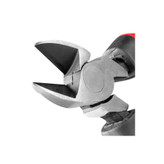 سیم چین رونیکس مدل RH-1226 سایز 6 اینچ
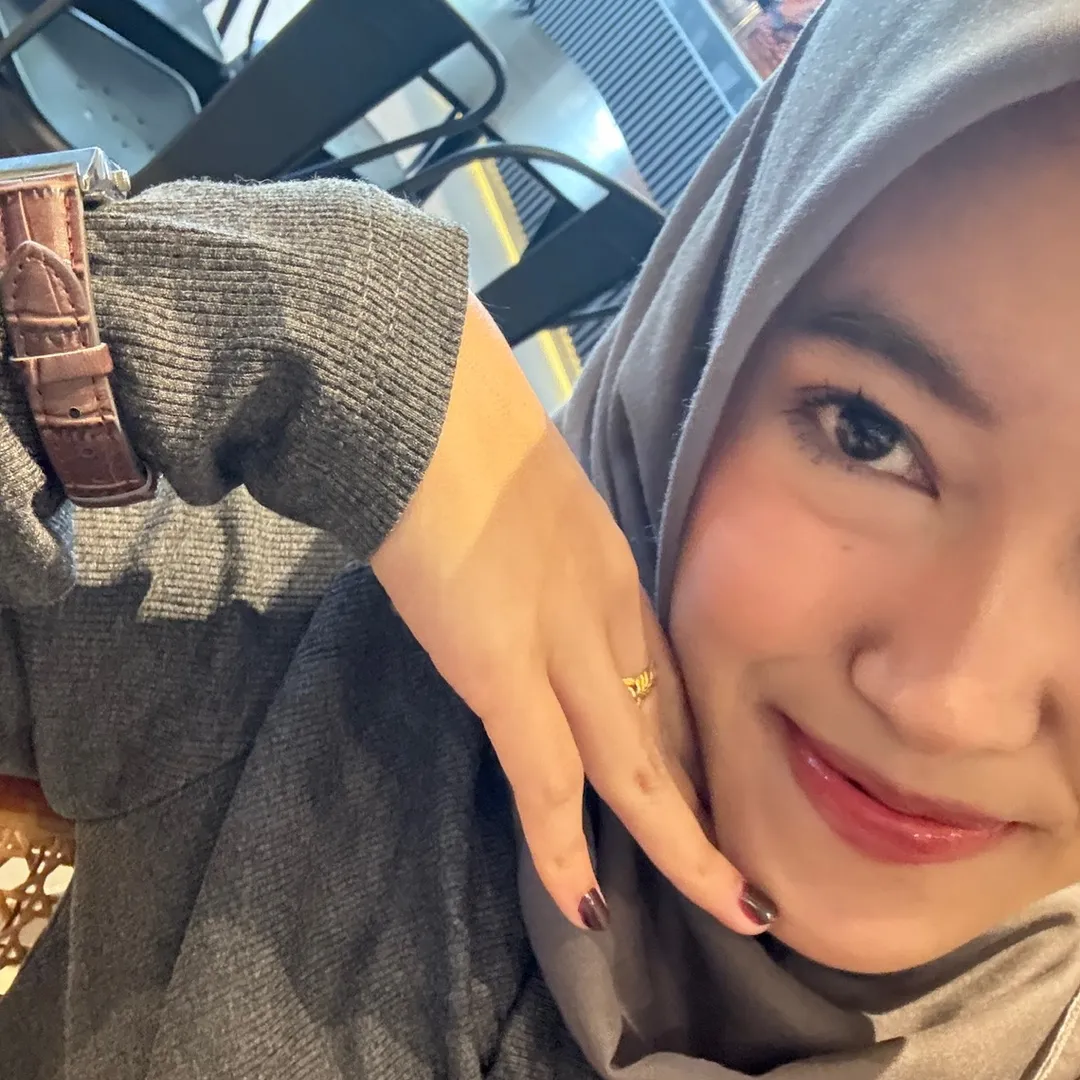 yayayuaf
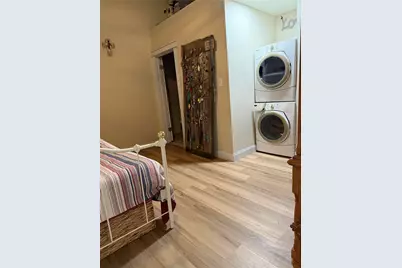 [Address not provided], Holland, TX 76534 - Photo 25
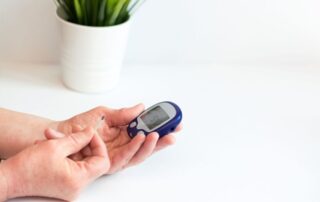 center-for-family-medince-3-Important-Diabetes-Management-Tips-For-Better-Blood-Sugar-Control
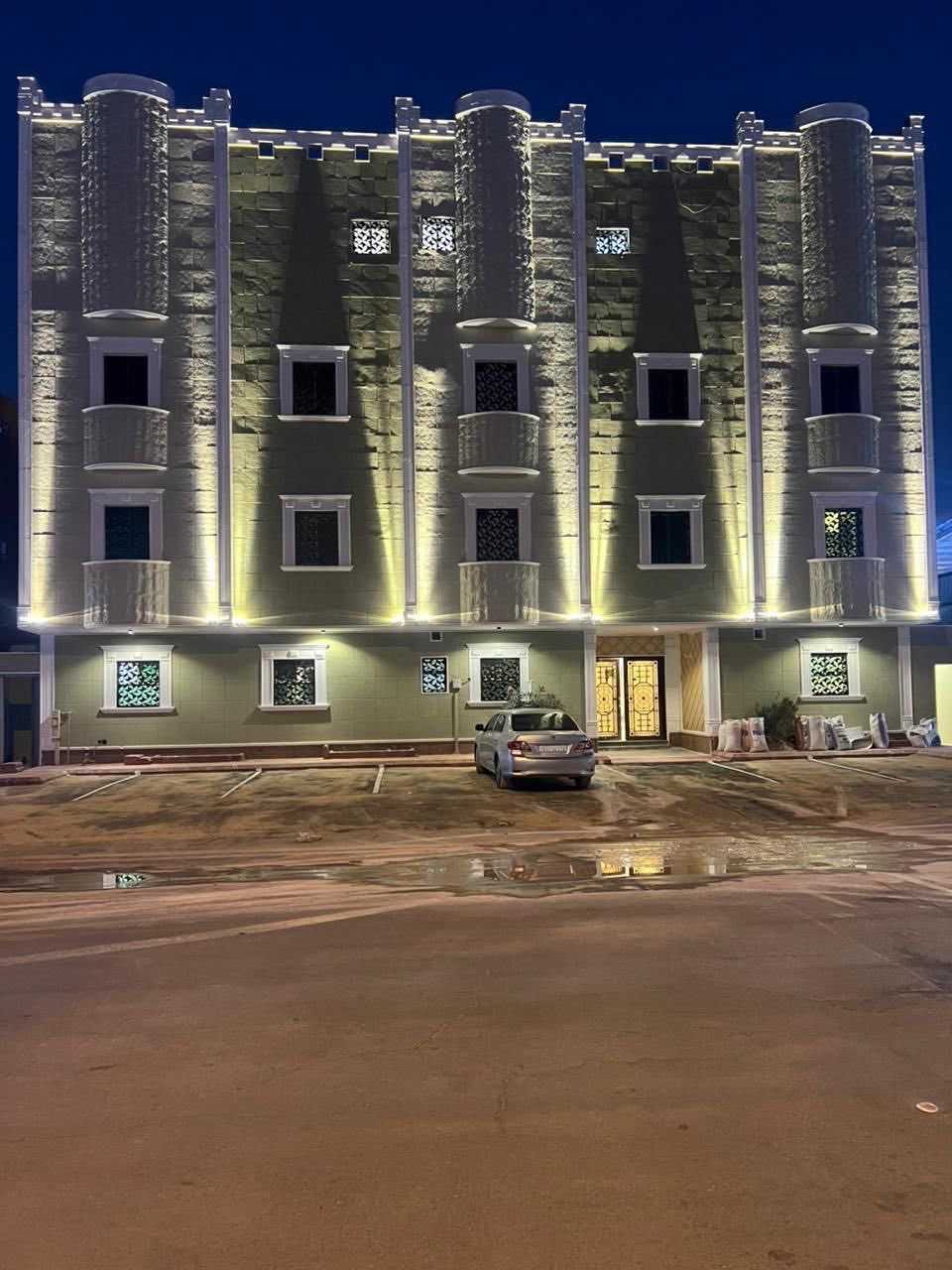 real estate image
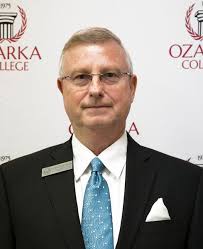 Keith Mcclanahan's Instagram, Twitter & Facebook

Task prompt:
Leave every picture out and output the records exactly.

Written reply:
 سیم چین رونیکس مدل RH-1226 سایز 6 اینچ
 yayayuaf
 [Address not provided], Holland, TX 76534 - Photo 25
 center-for-family-medince-3-Important-Diabetes-Management-Tips-For-Better-Blood-Sugar-Control
 real estate image
 Keith Mcclanahan's Instagram, Twitter & Facebook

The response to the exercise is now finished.